Uma condição que existe para a recolha do Ramo da Espiga é que ela aconteça numa hora especial: entre o meio-dia e a uma da tarde.

Este costume parece apontar para o significado que o sol tem no rito (meio-dia é, habitualmente, a hora em que o sol está no seu apogeu, na sua força máxima).

Parece, igualmente, haver um paralelismo simétrico com a magia que a meia-noite transporta, e basta para isso vermos todas as crenças que pululam no país acerca das Noites de São João, em que as águas se tornam curativas a partir da meia-noite, e as moiras encantadas aparecem à vista humana precisamente nesta hora.

A tradição da hora era tão importante que, durante anos, a festa era também conhecida por Dia da Hora.

 

Significado do Dia da Espiga

No Dia da Espiga, como de resto como em quase todas as festividades religiosas em Portugal, conseguem vislumbrar-se tradições pagãs misturadas com práticas de fé católica. Só o facto de tratarmos a data por dois nomes diferentes – o Dia da Espiga como consagração da chegada da Primavera, a Quinta-Feira de Ascensão como celebração da subida de Cristo aos céus depois da Ressurreição – é revelador que baste.

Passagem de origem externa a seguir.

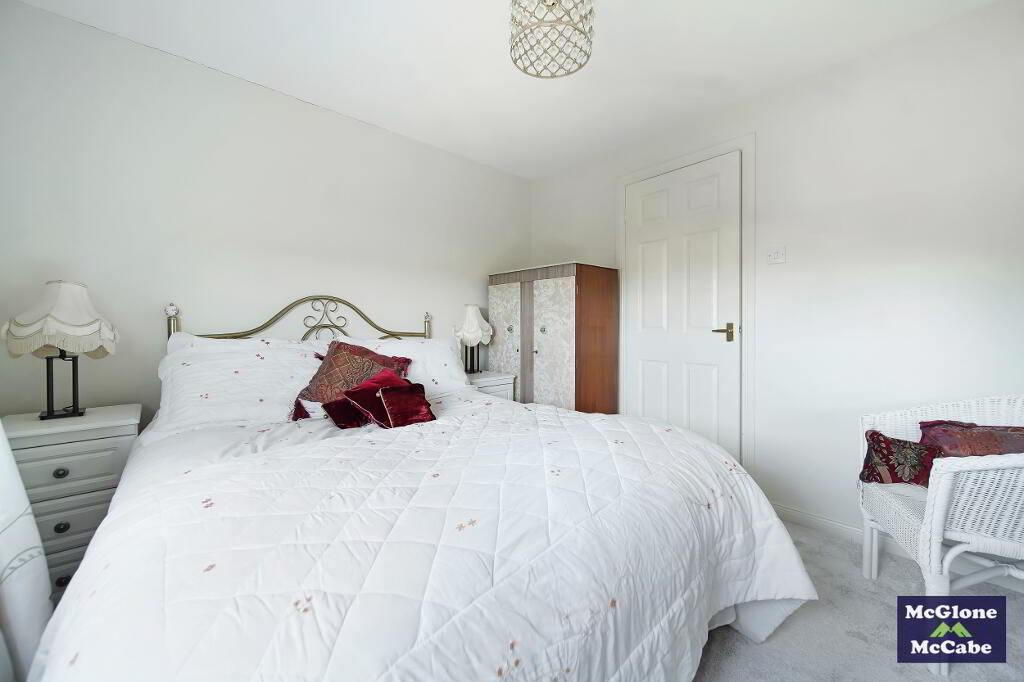 Photo 41 of 97 Stewartstown Road, Coalisland, Dungannon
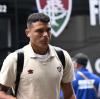 Thiago Silva lascia il Porto da vincitore: «Non è un addio, ma un arrivederci»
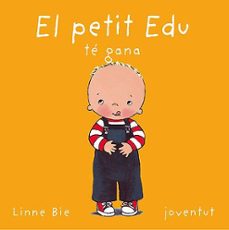 el petit edu te gana-9788426134172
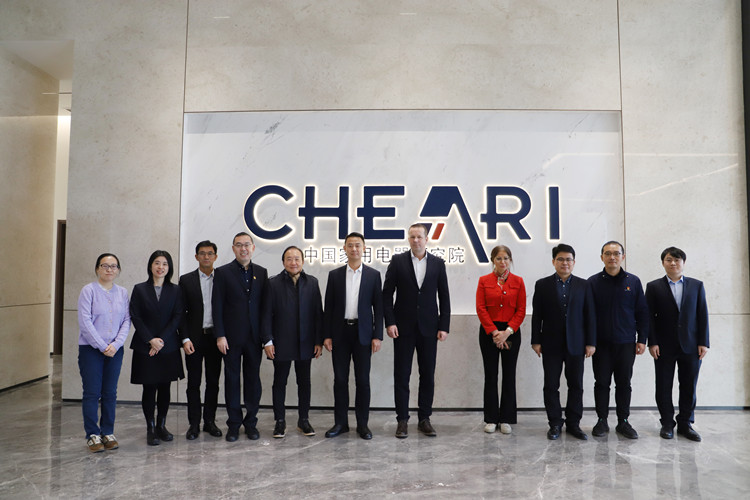 官网用.jpg 官网用.jpg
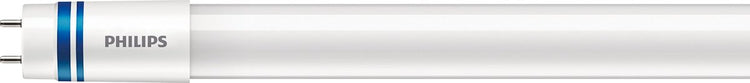 Philips LED-Röhre T8 Master (HF) hohe Leistung 8 W 1050 lm – 865 Tageslicht | 60 cm – ersetzt 18 W.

Apesar das manifestações cristãs hoje existentes, a busca de ramos à terra mostra-nos ecos de outras festas, provavelmente de origem mediterrânea.

É difícil não nos lembrarmos de Ceres, Deusa romana da agricultura e do cereal, a quem era dedicado um festival – a Cereália – por esta altura do ano. Ceres é várias vezes representada com espigas na mão. Emerita Augusta, actual Mérida e antiga capital da Lusitânia, tem uma famosa estátua representando a Deusa.

Estátua à Deusa Ceres

Os cereais, atributo da Deusa Romana Ceres

Parece evidente que o Dia da Espiga se liga à antiguidade clássica e ao seu calendário festivo – e a somar a isso, temos as Maias, em homenagem a Flora, Deusa das Flores, e a Maia, Deusa da Primavera, ainda hoje acarinhadas com pequenos gestos como as giestas que se põem à janela no primeiro dia do mês de Maio.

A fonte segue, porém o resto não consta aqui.